S3 Event Type (Beta)

S3 event type provides the ability to query data directly from AWS S3 buckets. Use your AWS API credentials and specify the S3 bucket to pull data through the event type.

📘

Contact LogicHub to enable the configuration.


To fetch the AWS S3, you need to create a connection and an event type. Let's look at how to create a connection and an event type for S3.

Create a Connection for S3

  1. Go to My Library > Connections.
  2. Click New.
  3. Select the Connection Type as s3 for AWS.
    • Enter the following credentials in the add connection form:
      • Access Key: Enter a valid AWS access key.
      • Secret: Enter a valid AWS secret key.
      • URL: Provide a valid URL. Uses3.amazonaws.com or s3-{region}.amazonaws.com. To set a default region for the S3 connection, use s3-{region}.amazonaws.com. We recommend that you use a region-specific URL for better download speed.
  4. Click Save.

Create an S3 Event Type

  1. Go to My Library > Event Types.
  2. Click New.
  3. Enter the following details in the event type form:
    • Name: Enter a name to identify the event type. The name can consist of alphanumeric characters and underscores ( _ ). The first character can't be a number.
    • Source: Click Query to base the event type on a query to an external connection.
    • Connection: Choose an S3 connection from the drop-down. The following fields are part of the S3 connection.
      The following is the complete list of JSON keys and their descriptions. These JSON keys can be used to specify the data to retrieve in the fields.
    • Query: Enter the query as in the example below and click Save.

JSON Key

Description

Required

AWS Region

Choose the region from the drop-down.

  • Used to specify bucket region.
  • If you specify a region in connection via URL s3-{region}.amazonaws.com, then specifying a region in query JSON will override this.
  • If there is a region specified in the connection URL and your bucket is in another region then, it will throw an error.

Optional

Bucket
[String]

Enter the bucket where the data you want to query is located. S3 bucket name to fetch the data from.

Required

Key Pattern

Enter the pattern of the address of the files you want to query data from. Refer to the below table for the sample key patterns.
The prefix of objects you want to download from the S3 bucket.

Let’s say if the key pattern is AWSLogs/001234567890/CloudTrail/ap-northeast-1/{{yyy}}/{{MM}}/{{dd}}/ and in playbook, the start time is '2020-08-20 00:00:00' and the end time is '2020-08-21 05:00:00'. Data from the following partitions will be pulled.

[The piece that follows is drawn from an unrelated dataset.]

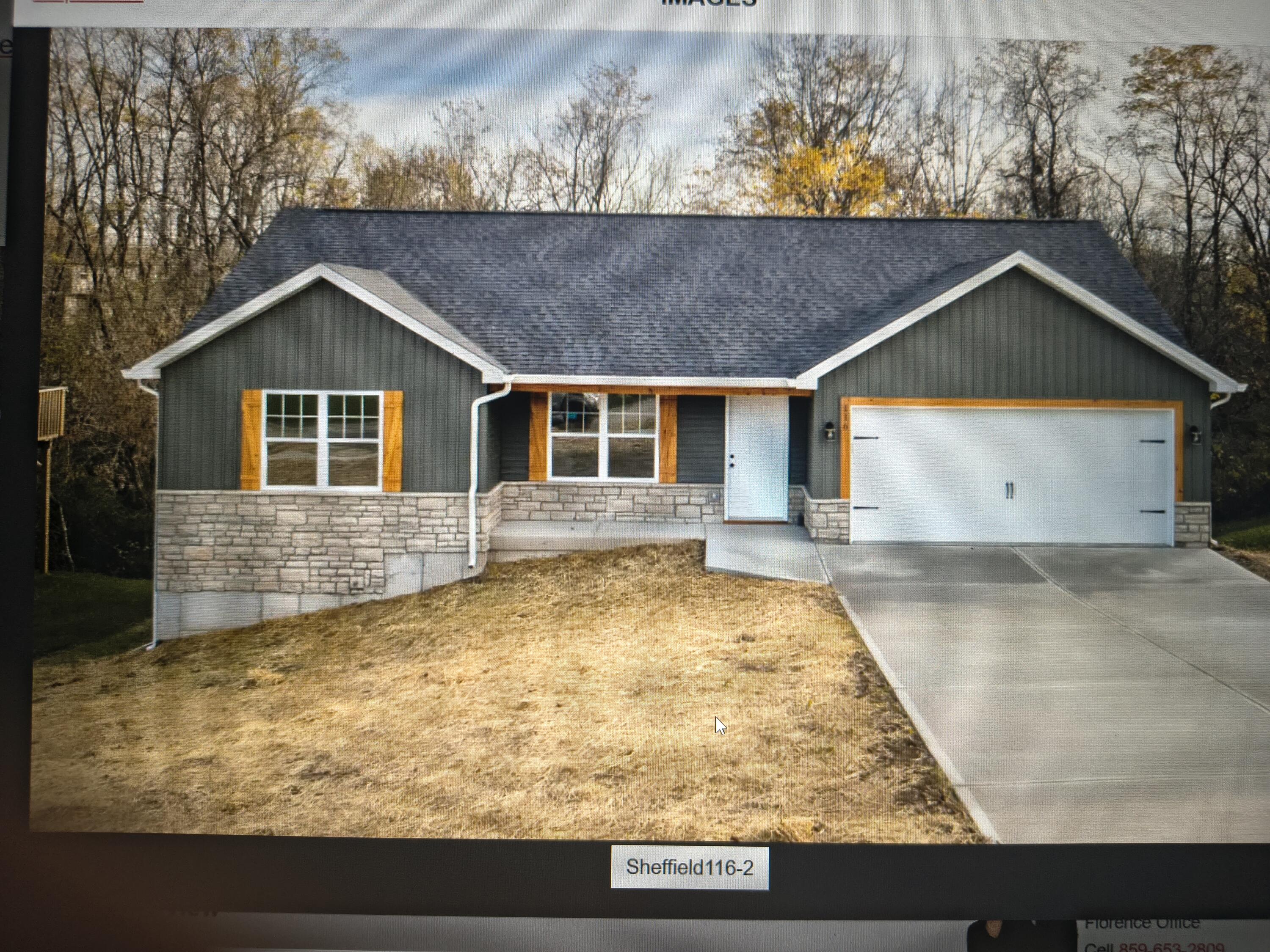 116 Sheffield Drive Property Photo 1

AWSLogs/001234567890/CloudTrail/ap-northeast-1/2020/08/20
AWSLogs/001234567890/CloudTrail/ap-northeast-1/2020/08/21

and 2 days of data will be downloaded. If timestampColumn is provided, then data between '2020-08-20 00:00:00' to '2020-08-21 05:00:00' will be filtered.

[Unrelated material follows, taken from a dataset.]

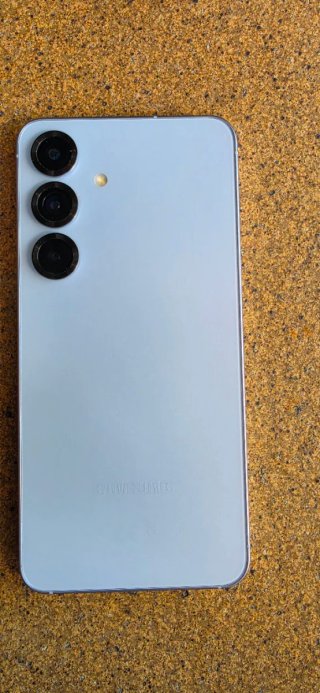 Samsung S25 12GB 256GB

Here, /{{yyy}}/{{MM}}/{{dd}}/ is the format of date-time based partition information. The complete set of information you can include is:

  • yyyy: four-digit year
  • MM: two-digit month (01=January)
  • dd: two-digit day of the month (01 through 31)
  • HH: two digits of an hour (00 through 23, am/pm is not allowed). The maximum granularity supported is an hour.

Note:

  • You need not mention the actual date in the key pattern. Only the format of your prefix needs to be mentioned. The actual time information will be pulled from the playbook time period picker or the stream batch length.
  • Not providing a key pattern will download everything inside that bucket, which is not recommended.

Optional

File Format
[String]

Choose format of the file you will be querying data from. The acceptable file formats are csv, csv.gz, json, json.gz, txt, log, txt.gz, log.gz, parquet

  • You can read any format as txt. Any other than format than the mentioned ones will not be acceptable.

Note:
When you select the file format as csv or csv.gz, the column header checkbox and the time stamp fields appear.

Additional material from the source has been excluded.